Der Großteil der Zuwanderer aus den Maghreb-Staaten hat dagegen fast keine Chance, einen dauerhaften Schutzstatus zu bekommen. "Und Menschen mit geringer Bleibeperspektive sind häufiger kriminell", sagt Pfeiffer. Dies liege nicht zuletzt daran, dass sie keine Möglichkeit hätten, hier zu arbeiten.
Kriminologe: "Männer aus Nordafrika haben häufiger Vorerfahrung mit Kriminalität"

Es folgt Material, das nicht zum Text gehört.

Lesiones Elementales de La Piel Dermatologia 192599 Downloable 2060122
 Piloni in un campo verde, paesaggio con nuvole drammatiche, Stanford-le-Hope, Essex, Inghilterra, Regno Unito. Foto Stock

Der Kriminologe Christian Walburg von der Uni Münster analysierte 2023: "Die in der Statistik auffälligen jungen Männer, die aus Nordafrika gekommen sind, haben auch dort eher am Rand der Gesellschaft gelebt und häufiger Vorerfahrungen mit Kriminalität mitgebracht."

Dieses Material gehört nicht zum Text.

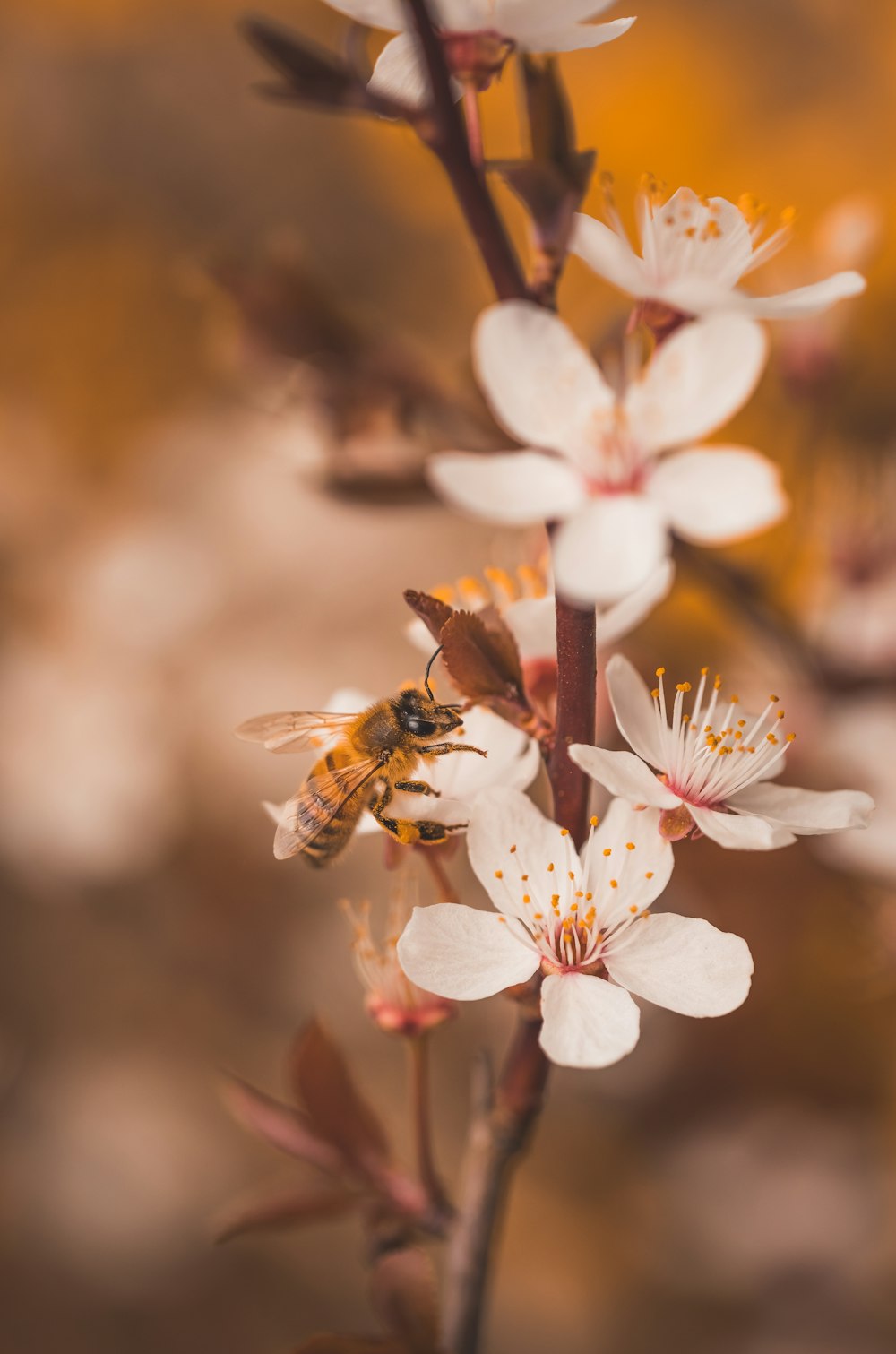 abelha preta e marrom na flor branca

Immer wieder machen der Polizei gezielt aus Nordafrika zur Verübung von Straftaten einreisende Banden Probleme. In der Union hält man es für zentral, die Dauer der Asylverfahren weiter zu verkürzen. "Und die Maghreb-Staaten müssen endlich zu sicheren Drittstaaten erklärt werden", sagt der CSU-Bundestagsabgeordnete Max Straubinger der AZ. Es gilt dann die sogenannte Regelvermutung, dass keine Verfolgungsgefahr vorliegt. Die Verfahren dauern oft kürzer.
Bislang blockieren die Grünen diesen Schritt. Sie verweisen auf die schwierige Menschenrechtslage in den drei Ländern. Straubinger fordert zudem, dass die Ampel Tunesien und Algerien dazu bringen müsse, schneller ausreisepflichtige Flüchtlinge aufzunehmen. Doch auch der Freistaat ist in der Pflicht: Vielerorts in Bayern wurden Polizeidienststellen dichtgemacht. Werden die Beamten gerufen, dauert es oft, bis sie am Tatort eintreffen.